When last Saturday night the stage went dark at the end of Akram Khan’s “Xenos,” nobody moved in the near-capacity audience of the 2,600-seat Zellerbach Hall. The silence was deafening. Finally, a small, dirt-covered figure walked downstage, and the hall exploded. “Xenos” supposedly, is Khan’s last solo performance. With his first-rate collaborators he created a haunting meditation on what it means to be human in an inhuman world. A letter from an Indian soldier conscripted into World War I proved part of the inspiration for this very fine work. “This is not war,” the man had written, “It is the ending of the world.” The sentence resonates throughout “Xenos.”
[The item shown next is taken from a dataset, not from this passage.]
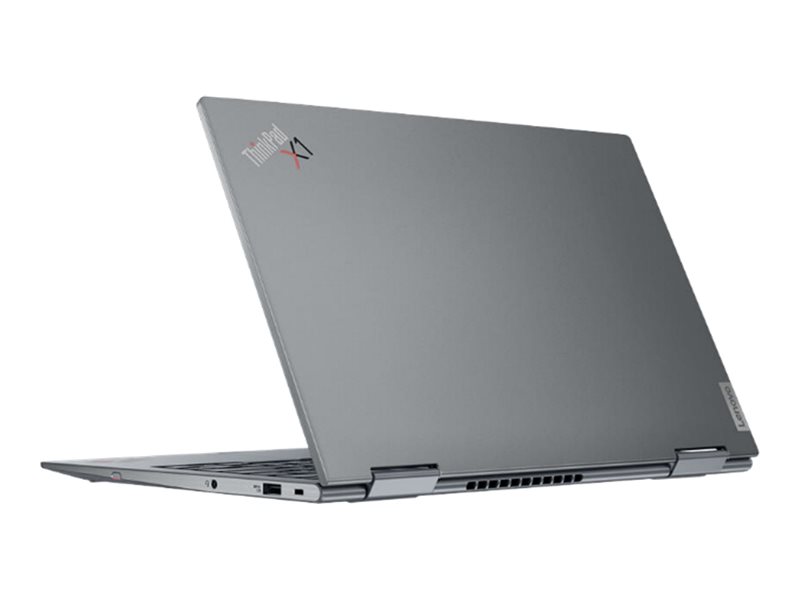 ThinkPad X1 Yoga G6 - 14" Touch | Core i7 | 16GB | 256GB | A Grade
And yet the two-act piece started so gently. Seated in front of a colorful tapestry and simple furniture, including a row of chairs, BC Manjunath and Aditya Prakash Kathak’s vocalizations and percussive rhythms welcomed the audience. Khan enters, dragging a huge heavy rope behind him. Oddly, it withdraws on its own. His solo, so wondrously responsive to the music, belies the fact that, apparently, his body tells him that solos are no longer possible. He is exquisite with firm footwork, whipping turns that slow and speed up at will, and arms that rise like flames and spread like ocean waves. Idyllic as this is to watch, you can’t miss rumblings that interfere with the dance: ominous sounds, gunshots, lights that flicker and move, dark clouds rising on the horizon. So fast that you have barely time catch it, the scenery is whipped away as if by a tornado, and we are left with some dead dry earth and a sloping wall. (Scenery is by Mirella Weingarten, Lighting Design by Michael Hulls.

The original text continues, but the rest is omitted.